Yerel mahkemece verilen kararın gerekçe kısmında davacının davasının kabulüne, hüküm fıkrasında ise kısmen kabulüne şeklinde yazılmış ise de, kısa hüküm ve gerekçeli hüküm içeriğinin çelişmeyip, gerekçe kısmındaki “kabulüne” nin maddi hatadan kaynaklandığı düşünülmekle kaldırma nedeni yapılmamıştır.
Bu durumda, istinaf kanun yoluna başvuranın dilekçesinde yer verdiği itirazların açıklanan gerekçe ışığında yerinde olmamasına, kararda kamu düzenine ilişkin bir aykırılık bulunmamasına, kararının usul ve esas yönünden hukuka uygun olmasına göre, duruşma açılmasına gerek görülmeyerek Hukuk Muhakemeleri Kanunu’nun 353/1-b-1 maddesi gereğince istinaf başvurusunun esastan reddine karar verilmesi gerekmiştir.

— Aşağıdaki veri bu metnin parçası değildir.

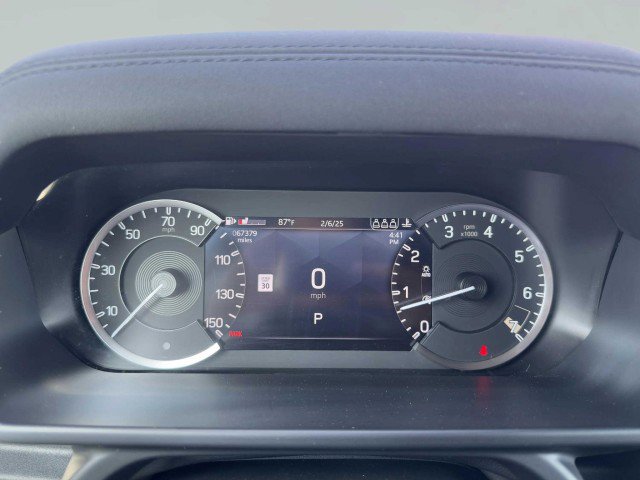 Used 2021 Land Rover Defender 90 image 21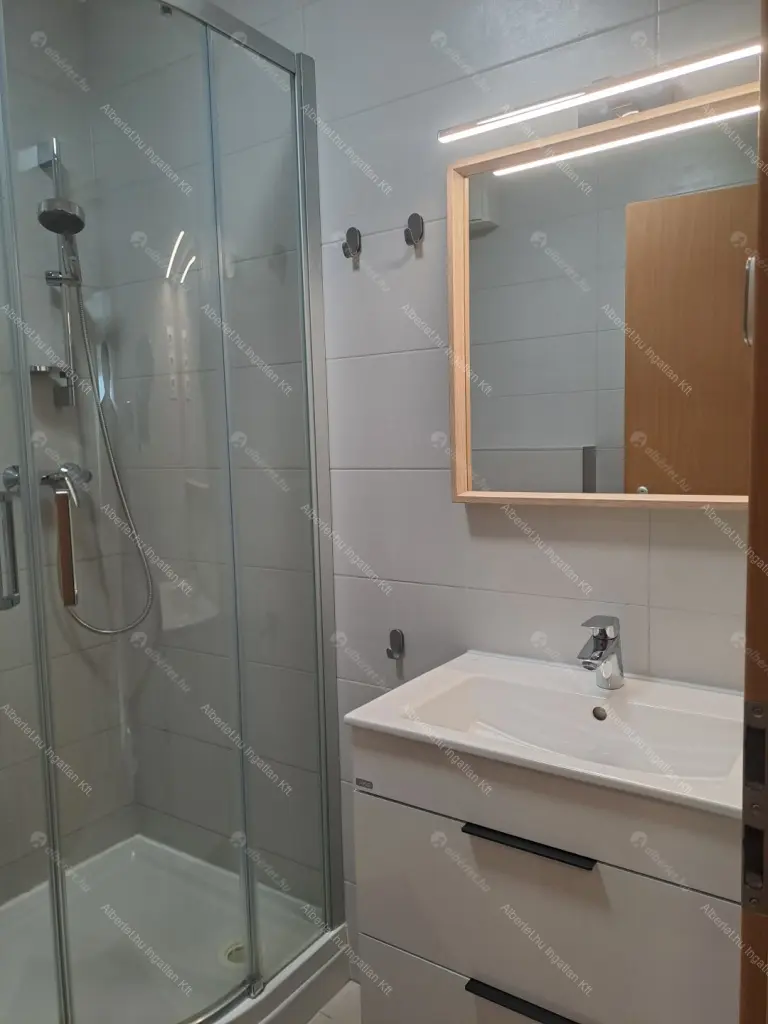 Kiadó albérlet 350000 Ft/hó áron: Budapest, XIV. kerület  Vezér utca. Mérete: 62 nm, 2 szobás | Alberlet.hu - 6667747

HÜKÜM : Yukarıda açıklanan nedenlerle;
1-Taraf vekillerinin istinaf başvurusunun Hukuk Muhakemeleri Kanunu’nun 353/1-b-1 maddesi uyarınca ESASTAN REDDİNE,
2-Davacı yönünden istinaf karar harcı olan 80,70 TL’den peşin alınan 59,30 TL’nin mahsubu ile bakiye 21,40 TL’nin davacıdan alınarak hazineye gelir kaydına,
3-Davalı sigorta şirketi yönünden istinaf karar harcı olan 2.605,00 TL’den peşin alınan 671,42 TL’nin mahsubu ile bakiye 1.933,58 TL’nin davalı sigorta şirketinden alınarak hazineye gelir kaydına,
4-Davalı … yönünden istinaf karar harcı olan 2.605,00 TL’den peşin alınan 730,72 TL’nin mahsubu ile bakiye 1.874,28 TL’nin davalı …’dan alınarak hazineye gelir kaydına,
5-İstinaf yoluna başvuranların yaptığı istinaf giderlerinin kendi üzerlerinde bırakılmasına,
Dosya üzerinden yapılan inceleme neticesinde, kararın tebliğinden itibaren iki hafta içinde Yargıtay ilgili Hukuk Dairesinde temyiz yolu açık olmak üzere 02.11.2022 tarihinde oy birliğiyle karar verildi.